** DATASET follows **
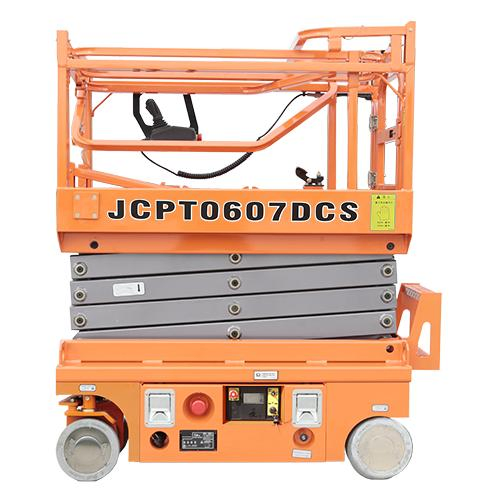 Aerial Work Platform Hydraulic Self Propelled Small Mini Scissor Lift Platform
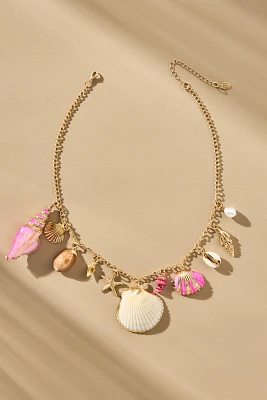 8 Other Reasons Shell Pendant Necklace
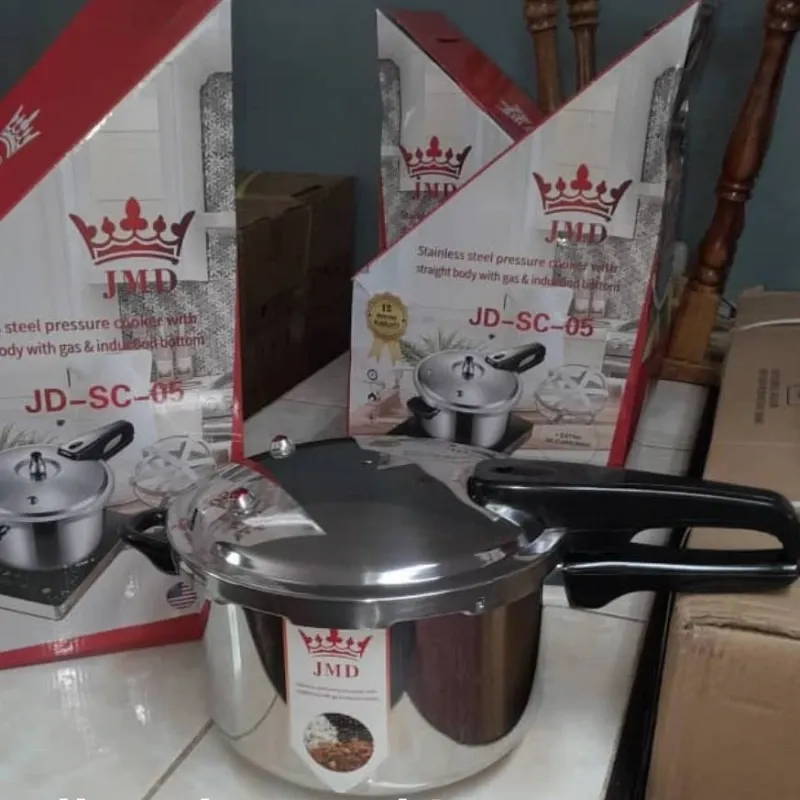 Olla de presion JMD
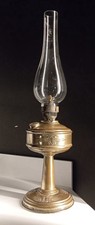 RARA LAMPADA A PETROLIO  ANTICA “AQUILAS” FRATELLI SANTINI FERRARA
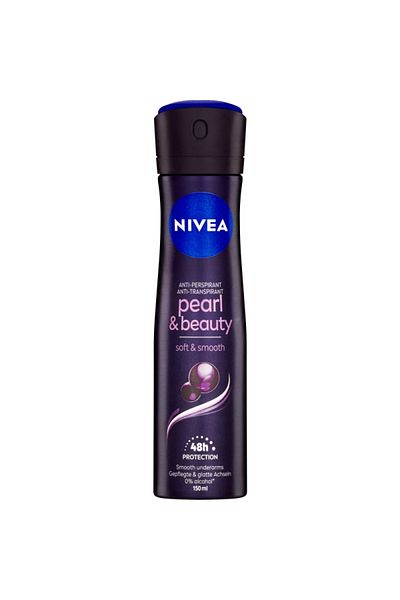 NIVEA ANTIPERSPIRANT DEO 150ML PEARL BEAUTY SOFT SMOOTH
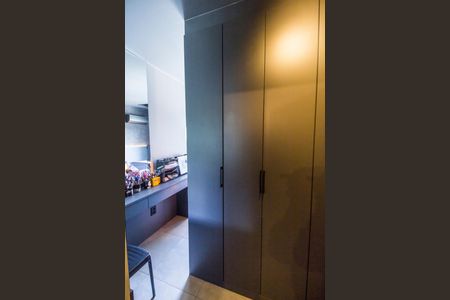 Apartamento à venda com 82m², 1 quarto e 2 vagasCloset da suíte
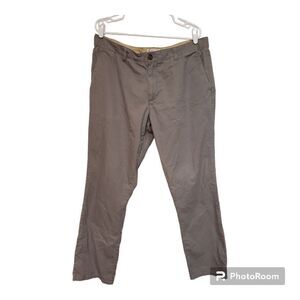 Original Penguin Gray Classic Chino Pants Men’s 38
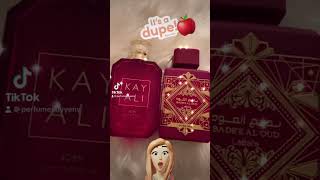 Badee Al Oud Sublime de Lattafa alternativa económica de Eden Juicy Apple de Kayali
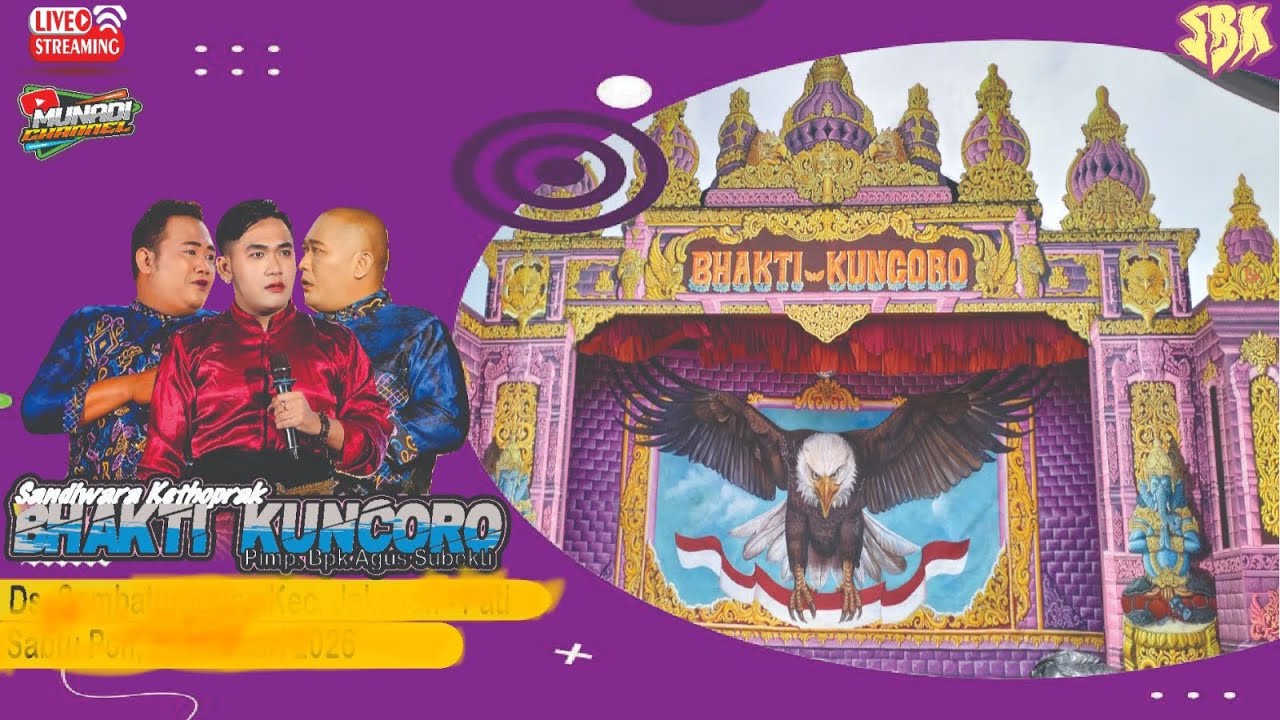 LIVE STREAMING KETOPRAK BHAKTI KUNCORO PRIMIER CERITA :  MISTERI KALUNG MUTIARA / JOKO KENDIL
** End of DATASET **
EXERCISE DESCRIPTION:
Print exactly the lines from the line with "Original Penguin Gray" through the end of the data, both ends included, and print no pictures.

ANSWER FOR THE TASK:
 Original Penguin Gray Classic Chino Pants Men’s 38
 Badee Al Oud Sublime de Lattafa alternativa económica de Eden Juicy Apple de Kayali
 LIVE STREAMING KETOPRAK BHAKTI KUNCORO PRIMIER CERITA :  MISTERI KALUNG MUTIARA / JOKO KENDIL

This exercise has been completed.